The Essence of Judaism? Disrupting It.
Fifty years ago, the first Jewish Catalog began a revolution in Jewish life. With this do-it-yourself kit, people for the first time could own their own Judaism and experience the richness and joy that I and the other editors of the Catalog believed would make a stronger Jewish community. The first Catalog, which we summarized as “a compendium of tools and resources for use in Jewish education and Jewish living,” taught hundreds of thousands of people how to make challah and even matzah, how to tie fringes on a tallit and how to build a sukkah.
The Catalog’s enormous success suggested we were right, and yet, a half-century later, I and others have new questions. We know “how” to do all these rituals—or we can Google whatever we need to know.
What we now need—I believe urgently—is “why.” Or more to the point, why bother at all?
What is the essence of Judaism and Torah? Many people would answer that it is observing the laws, customs and rituals of the Jewish tradition. In fact, Judaism is, at its heart, a revolutionary tradition that seeks to change rather than uphold or preserve the status quo.
Nowhere is this clearer than the holiday of Passover. The centrality of the Exodus in Judaism goes beyond the repeated notion that we must remember that we were slaves and therefore treat other people with compassion, especially those on the margins of society. As important as the commitment to social justice is, there is something even more important that we learn from this story.
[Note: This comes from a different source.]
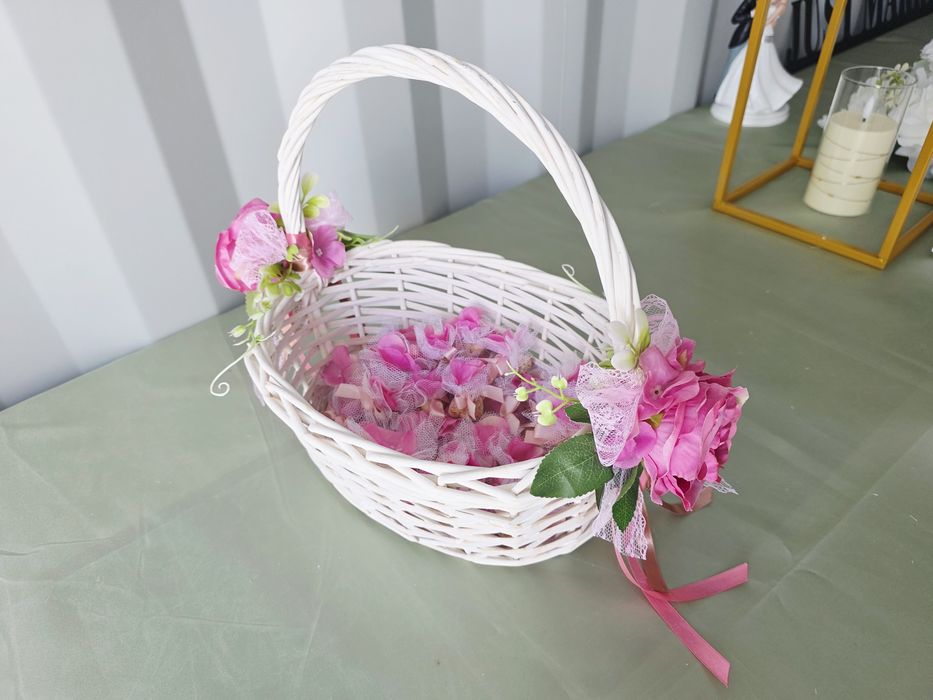 Кошница с 33 късметчета за хвърляне пред булка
Having left the bondage of Egypt, the people of Israel appear to be free, but they quickly discover the difficulties of living in freedom. During their 40-year journey to the Promised Land, the formerly enslaved people constantly express a yearning to return to Egypt, likely because with freedom comes responsibility and the need to make difficult choices.
In a radical text by the 19th century Hasidic master called by the name of his main work, Sefat Emet, the purpose of the revelation of the Torah is actually to help the people be free. In his commentary on the Torah portion Ki Teitze, he writes:
The purpose of all the commandments, both positive and negative, that were given to Israel is so that every person in Israel shall be free. That is why the liberation from Egypt comes first [before the giving of the commandments]. Torah then teaches the soul how to maintain its freedom by not becoming attached to material things. These are its 613 counsels. Every mitzvah/commandment in which the liberation from Egypt is mentioned tells us yet again that by the means of this mitzvah one may cling to freedom…. This is the purpose of the entire Torah.
This teaching suggests that we can be enslaved without ever being in bondage. Most people today are not physically enslaved and yet they are not really free. In the words of the 20th-century psychologist Erich Fromm, we often want to “escape from freedom” when we feel burdened by our fears and insecurities. We can live a life bounded by the limitations of our expectations, or a life circumscribed by the lack of faith in our abilities.
In the Sefat Emet’s understanding, Torah is first and foremost about freedom. The Torah is not about 613 commandments but rather 613 counsels that teach us how to obtain freedom. For example, he looks at the biblical practice of leaving the corners of the field untouched, which the text says is so that the poor can harvest them. For the Sefat Emet, we learn from this practice not to become too attached to material possessions. Our biggest challenge is to take the precious gift of life and do as much as we can with it.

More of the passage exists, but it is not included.